● WHAT YOU HAVE TO DO:
From the line holding "Megabass Spark Shad" through the line holding "Engagement Rings" below, write out every line exactly; include both of those lines and drop the pictures.

● Captioned web images:
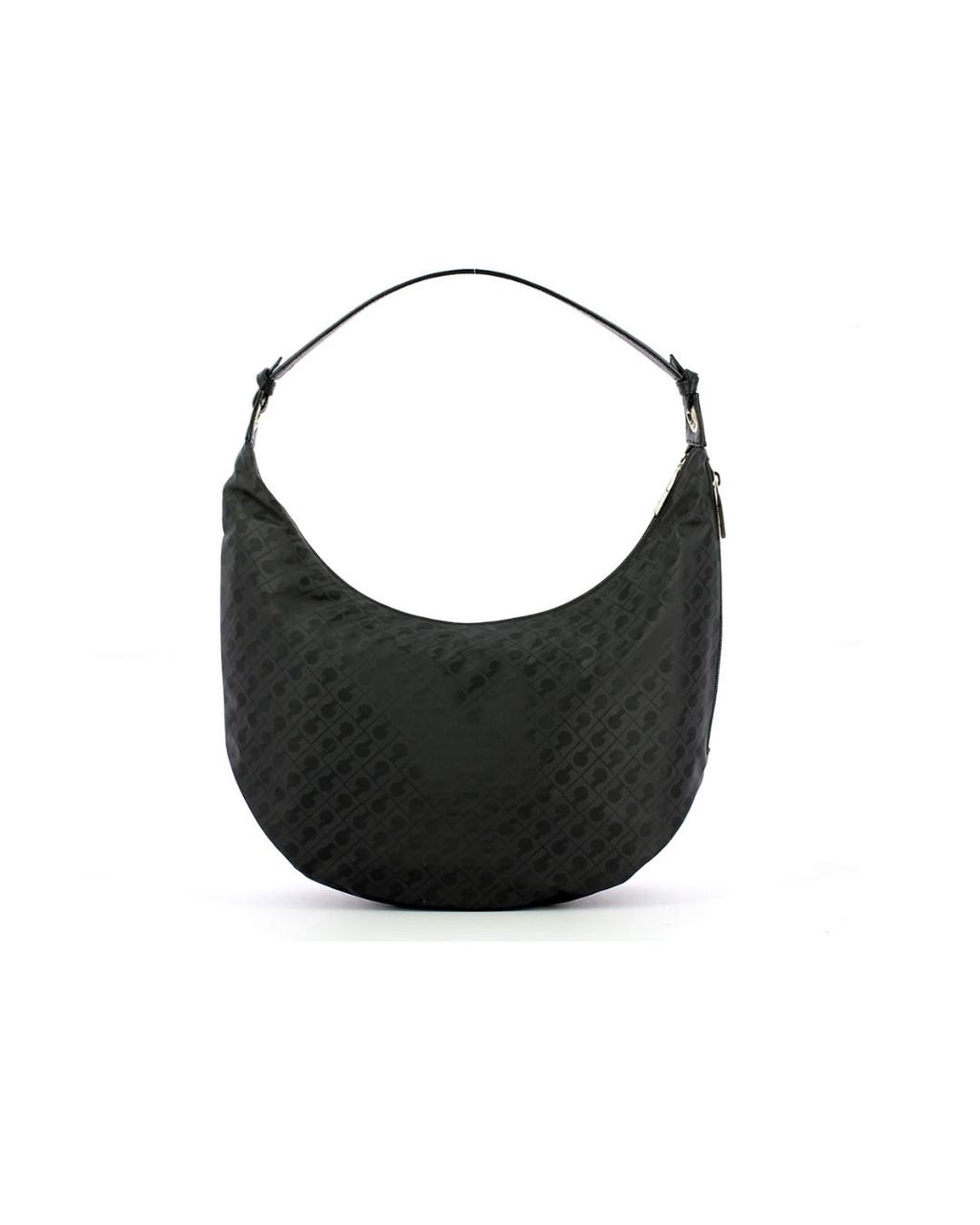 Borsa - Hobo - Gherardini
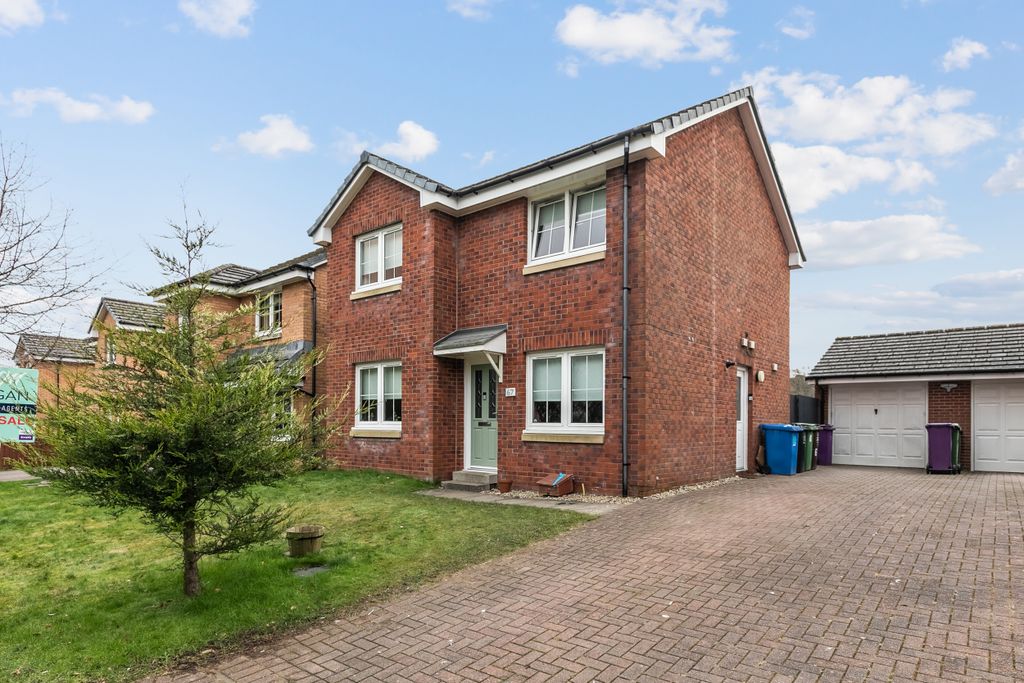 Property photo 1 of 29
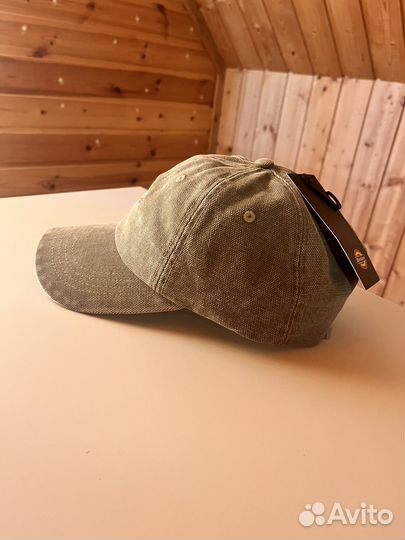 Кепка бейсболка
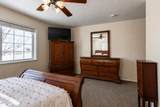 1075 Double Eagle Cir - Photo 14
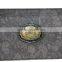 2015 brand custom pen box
==
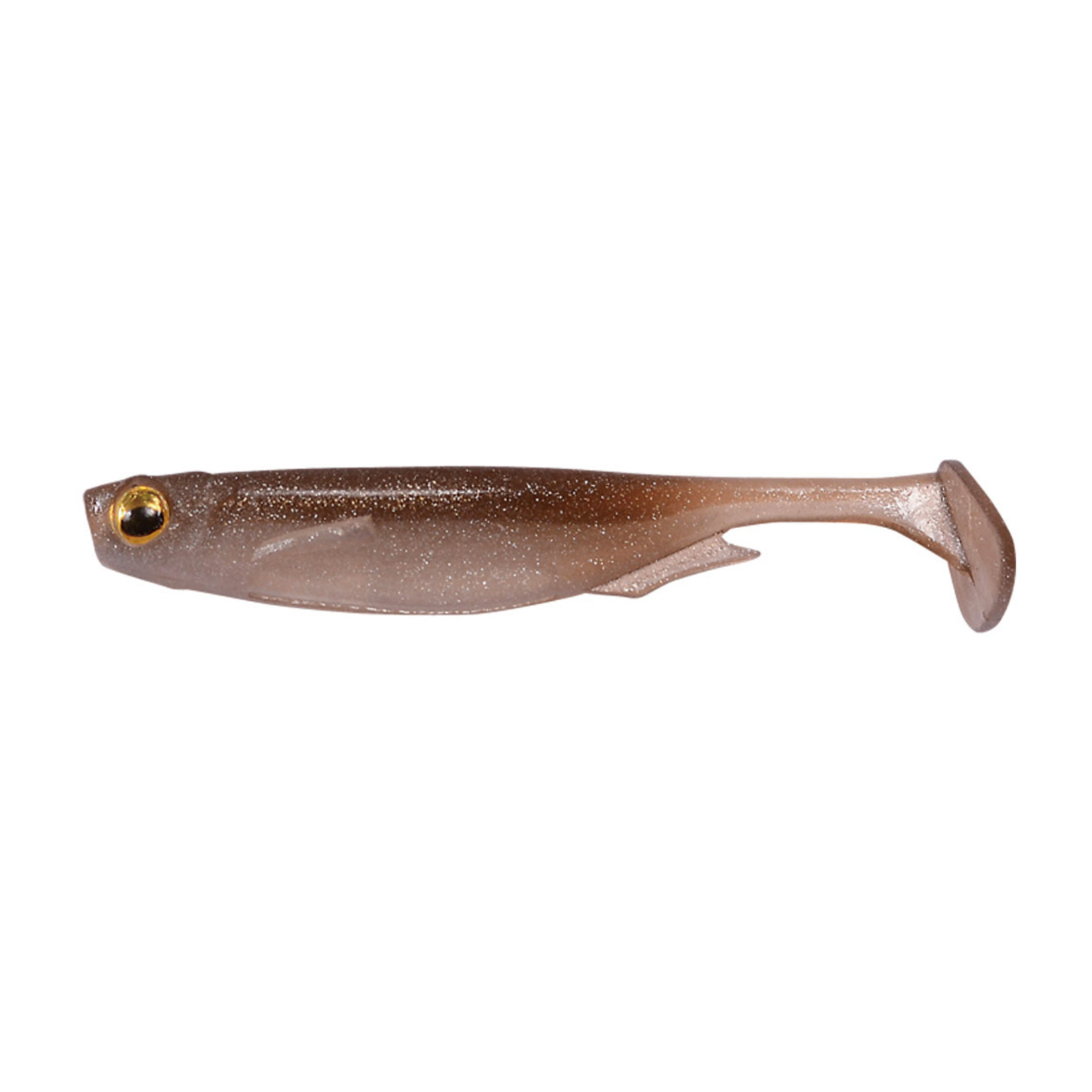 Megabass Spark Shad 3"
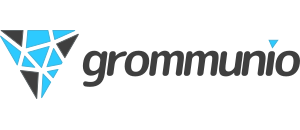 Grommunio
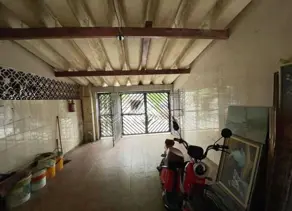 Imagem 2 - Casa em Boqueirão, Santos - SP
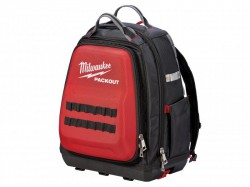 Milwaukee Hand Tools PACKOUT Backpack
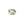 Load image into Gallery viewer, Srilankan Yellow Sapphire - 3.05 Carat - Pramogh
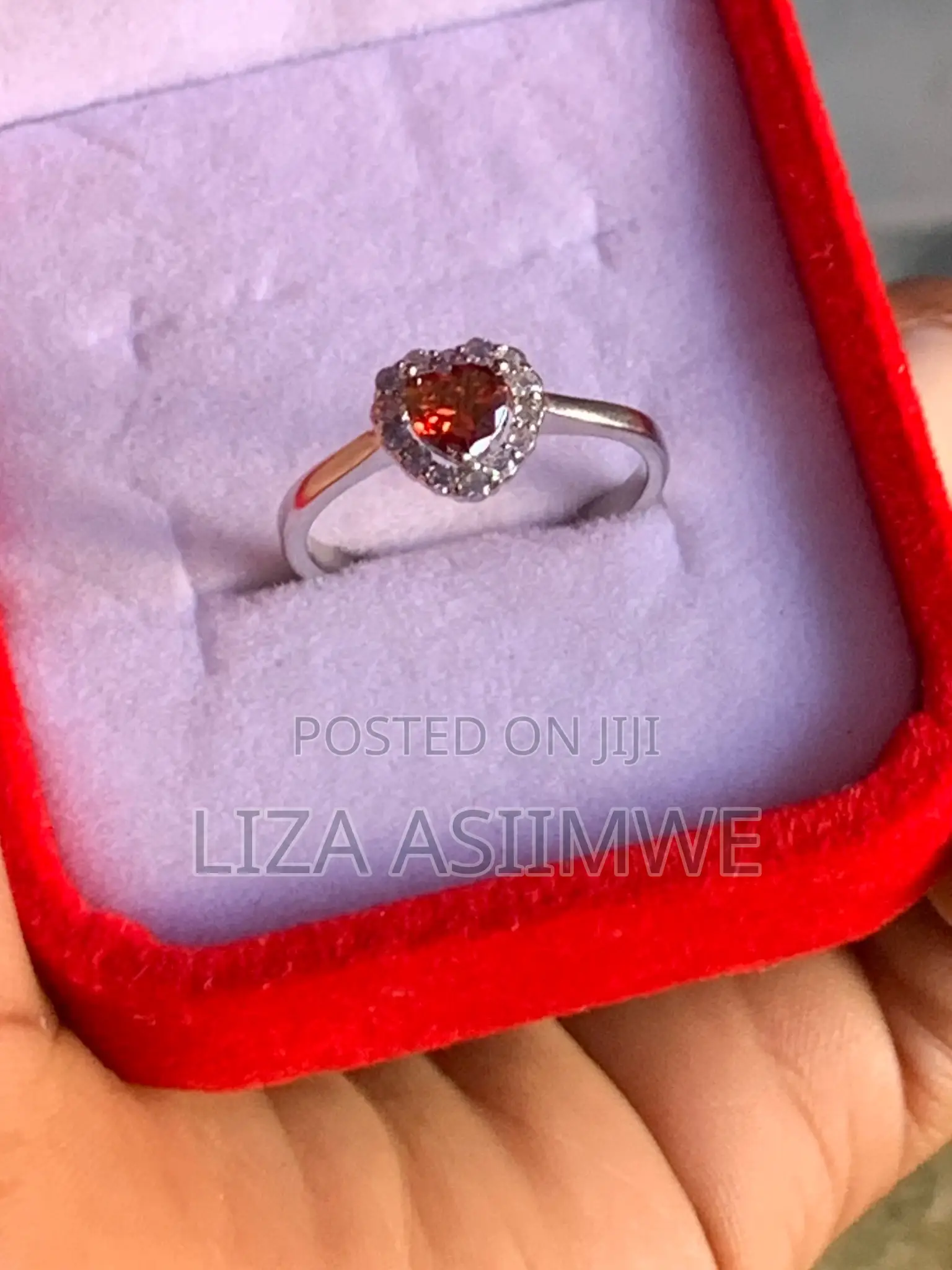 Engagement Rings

● RESULT OF THE EXERCISE:
 Megabass Spark Shad 3"
 Grommunio
 Imagem 2 - Casa em Boqueirão, Santos - SP
 Milwaukee Hand Tools PACKOUT Backpack
 Load image into Gallery viewer, Srilankan Yellow Sapphire - 3.05 Carat - Pramogh
 Engagement Rings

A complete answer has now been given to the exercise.